_Task_
Images should not appear in the copy, yet every line of the listing below must be printed exactly.

_Source material_
● ● ●

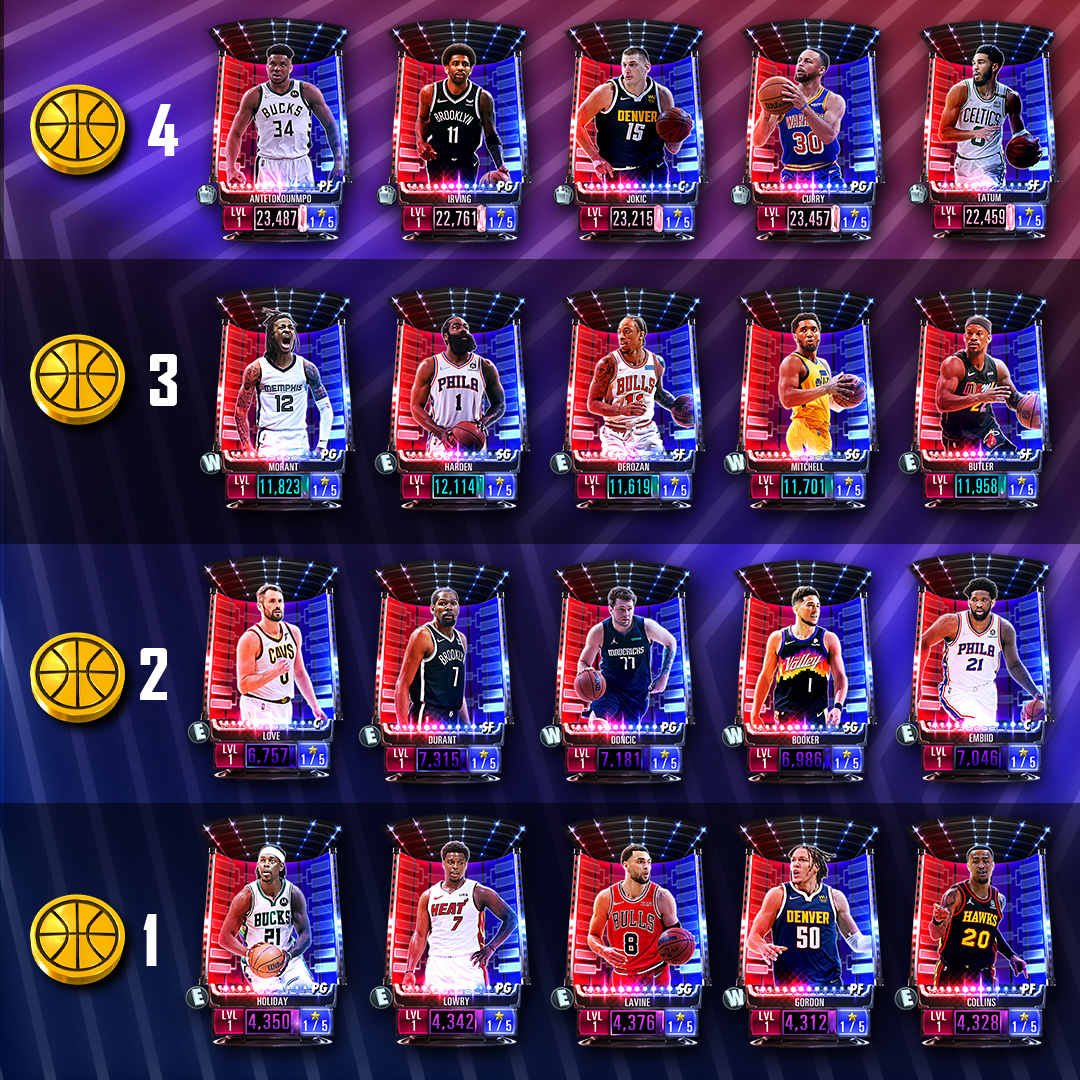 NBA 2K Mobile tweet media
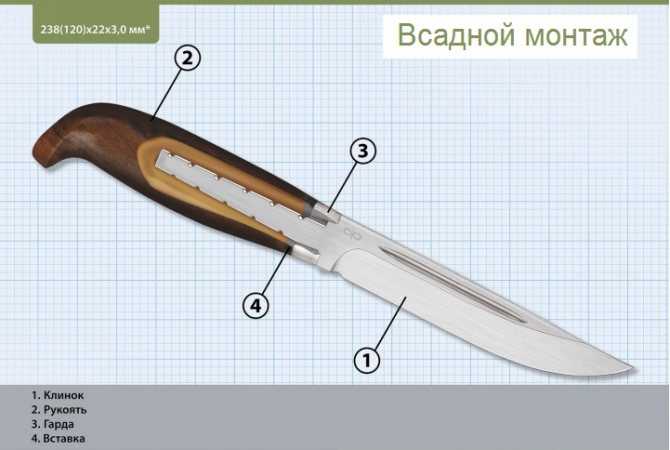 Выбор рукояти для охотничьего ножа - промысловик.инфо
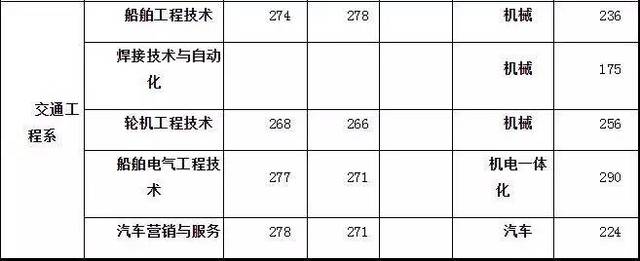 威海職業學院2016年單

● ● ●

_Result for this exercise_
 NBA 2K Mobile tweet media
 Выбор рукояти для охотничьего ножа - промысловик.инфо
 威海職業學院2016年單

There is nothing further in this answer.